Action item: Would you return the listing exactly as written, apart from its pictures?

(Beginning of Dataset records)

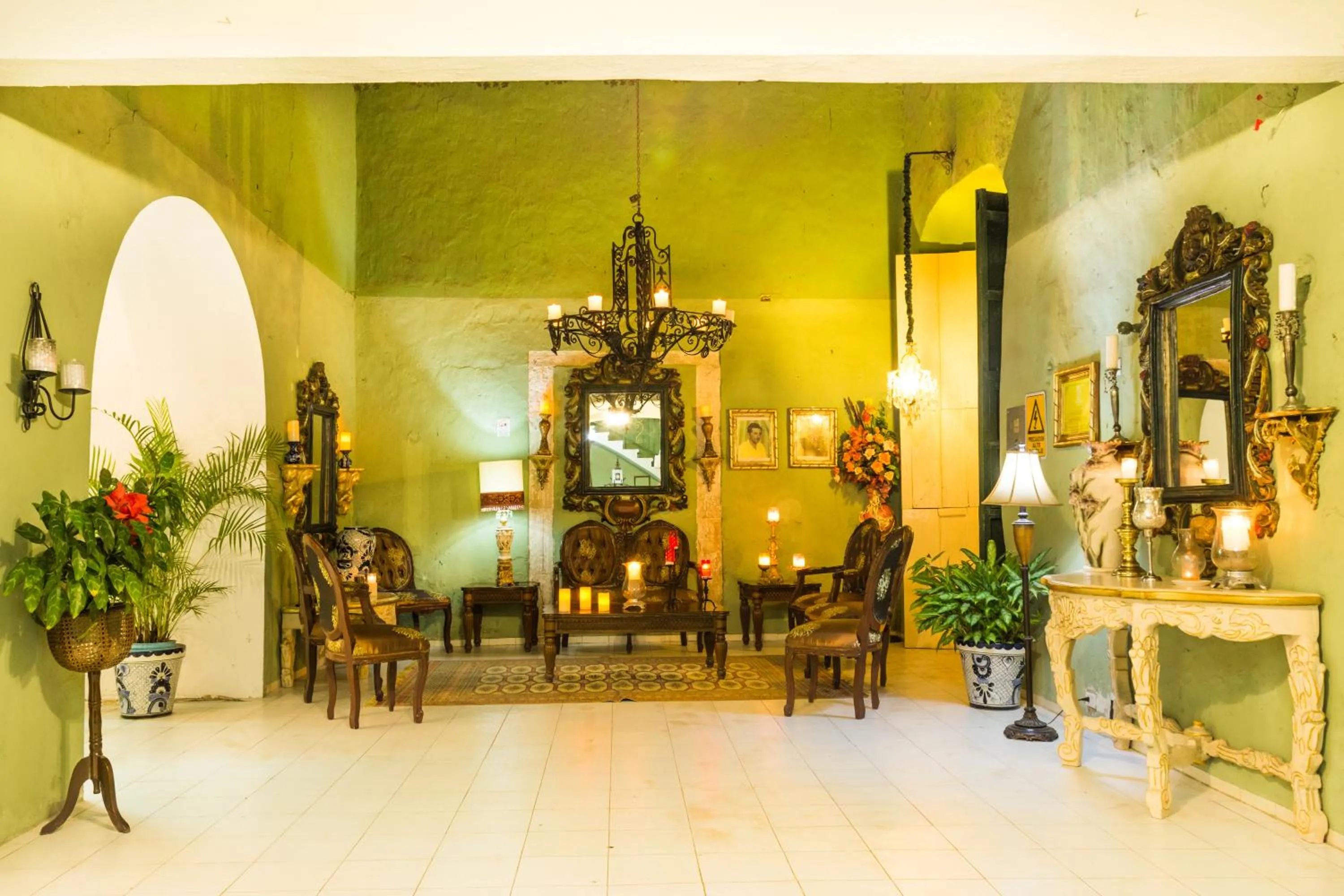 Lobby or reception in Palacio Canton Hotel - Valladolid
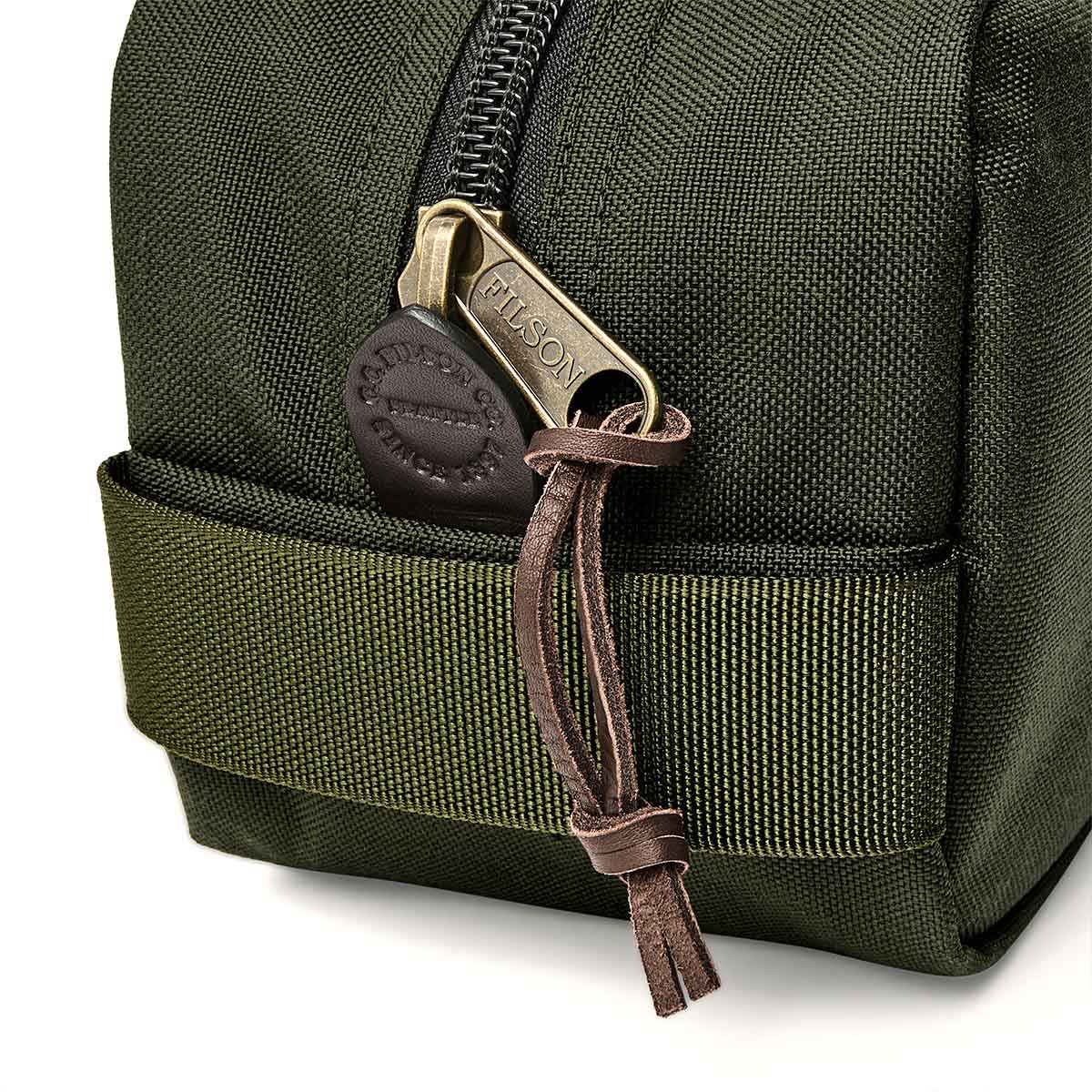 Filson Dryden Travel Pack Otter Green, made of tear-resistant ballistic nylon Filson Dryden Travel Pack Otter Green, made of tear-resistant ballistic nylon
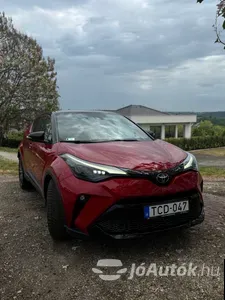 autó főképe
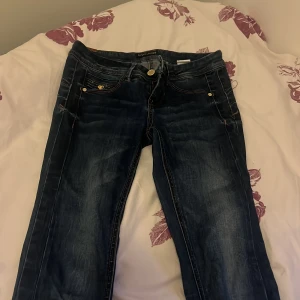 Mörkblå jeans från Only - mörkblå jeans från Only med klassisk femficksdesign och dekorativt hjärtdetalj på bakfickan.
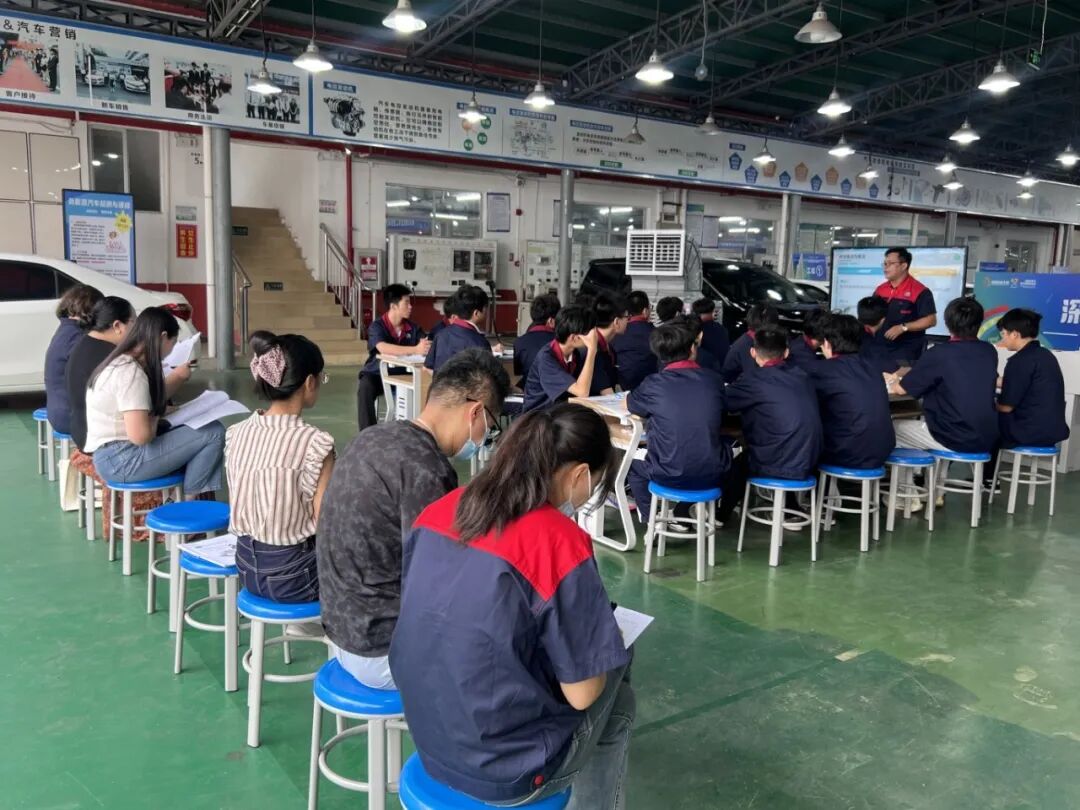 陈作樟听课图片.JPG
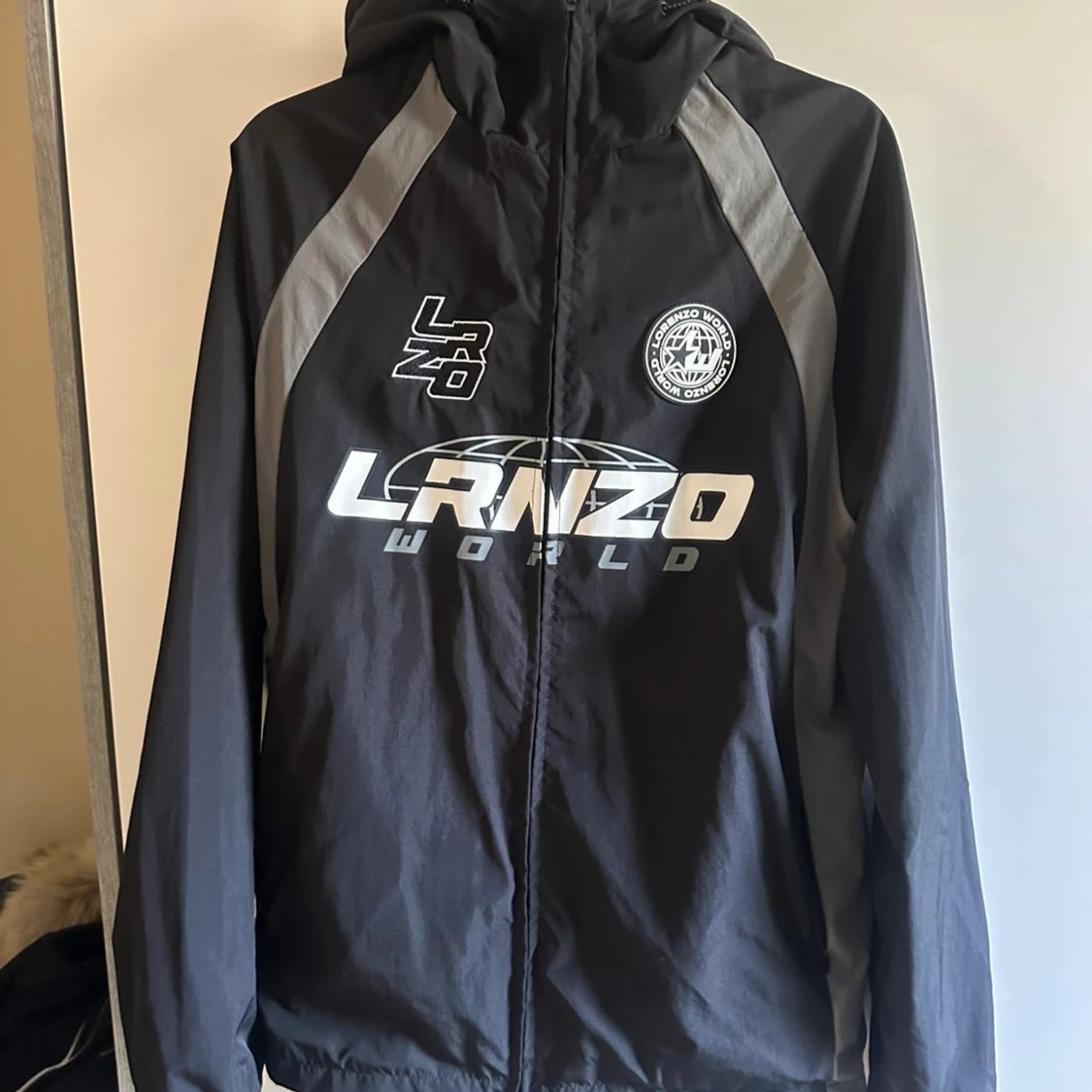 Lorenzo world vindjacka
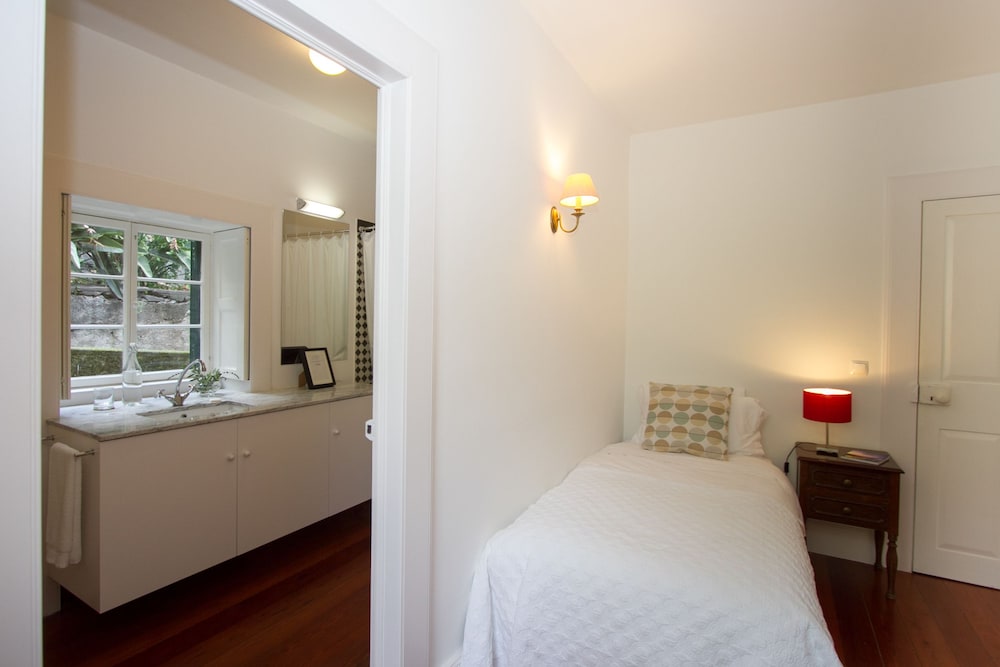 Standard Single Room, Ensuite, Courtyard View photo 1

(End of Dataset records)

Completed task:
 Lobby or reception in Palacio Canton Hotel - Valladolid
 Filson Dryden Travel Pack Otter Green, made of tear-resistant ballistic nylon Filson Dryden Travel Pack Otter Green, made of tear-resistant ballistic nylon
 autó főképe
 Mörkblå jeans från Only - mörkblå jeans från Only med klassisk femficksdesign och dekorativt hjärtdetalj på bakfickan.
 陈作樟听课图片.JPG
 Lorenzo world vindjacka
 Standard Single Room, Ensuite, Courtyard View photo 1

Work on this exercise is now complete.